REQUIREMENT:
Repeat the lines below exactly as written, please, from the line with "佳偶闪成&假婚真爱（35集）短剧小说在线看" to the line with "Maverick Arts Publishing", both lines included, and no others.

SOURCE DATA:
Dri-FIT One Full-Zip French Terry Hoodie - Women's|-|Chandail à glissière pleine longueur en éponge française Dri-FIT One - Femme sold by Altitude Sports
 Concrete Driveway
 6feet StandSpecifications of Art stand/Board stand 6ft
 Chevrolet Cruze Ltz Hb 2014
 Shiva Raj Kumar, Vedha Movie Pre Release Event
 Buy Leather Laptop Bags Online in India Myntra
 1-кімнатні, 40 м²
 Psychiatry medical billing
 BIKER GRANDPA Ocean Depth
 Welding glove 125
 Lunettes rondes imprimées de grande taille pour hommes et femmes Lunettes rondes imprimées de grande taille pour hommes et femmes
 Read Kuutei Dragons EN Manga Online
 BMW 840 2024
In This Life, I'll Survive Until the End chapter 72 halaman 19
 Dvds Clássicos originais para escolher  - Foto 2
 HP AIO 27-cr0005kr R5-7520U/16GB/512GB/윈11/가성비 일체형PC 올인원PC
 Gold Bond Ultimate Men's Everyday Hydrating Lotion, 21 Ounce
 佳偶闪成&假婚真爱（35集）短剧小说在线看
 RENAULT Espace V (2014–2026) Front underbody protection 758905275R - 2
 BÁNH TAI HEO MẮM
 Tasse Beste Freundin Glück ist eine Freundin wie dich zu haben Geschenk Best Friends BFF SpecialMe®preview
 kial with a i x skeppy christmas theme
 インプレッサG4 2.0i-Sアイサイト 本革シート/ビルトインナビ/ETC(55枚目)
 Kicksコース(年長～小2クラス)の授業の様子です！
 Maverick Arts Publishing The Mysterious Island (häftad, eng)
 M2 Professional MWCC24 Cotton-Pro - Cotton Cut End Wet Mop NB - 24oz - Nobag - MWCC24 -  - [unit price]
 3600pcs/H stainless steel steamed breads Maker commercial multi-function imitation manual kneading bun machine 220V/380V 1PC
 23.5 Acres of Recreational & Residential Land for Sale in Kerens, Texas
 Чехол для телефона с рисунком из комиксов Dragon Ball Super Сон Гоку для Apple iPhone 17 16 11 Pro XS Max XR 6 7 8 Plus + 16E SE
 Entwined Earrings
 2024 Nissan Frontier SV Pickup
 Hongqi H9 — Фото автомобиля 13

THE ANSWER:
 佳偶闪成&假婚真爱（35集）短剧小说在线看
 RENAULT Espace V (2014–2026) Front underbody protection 758905275R - 2
 BÁNH TAI HEO MẮM
 Tasse Beste Freundin Glück ist eine Freundin wie dich zu haben Geschenk Best Friends BFF SpecialMe®preview
 kial with a i x skeppy christmas theme
 インプレッサG4 2.0i-Sアイサイト 本革シート/ビルトインナビ/ETC(55枚目)
 Kicksコース(年長～小2クラス)の授業の様子です！
 Maverick Arts Publishing The Mysterious Island (häftad, eng)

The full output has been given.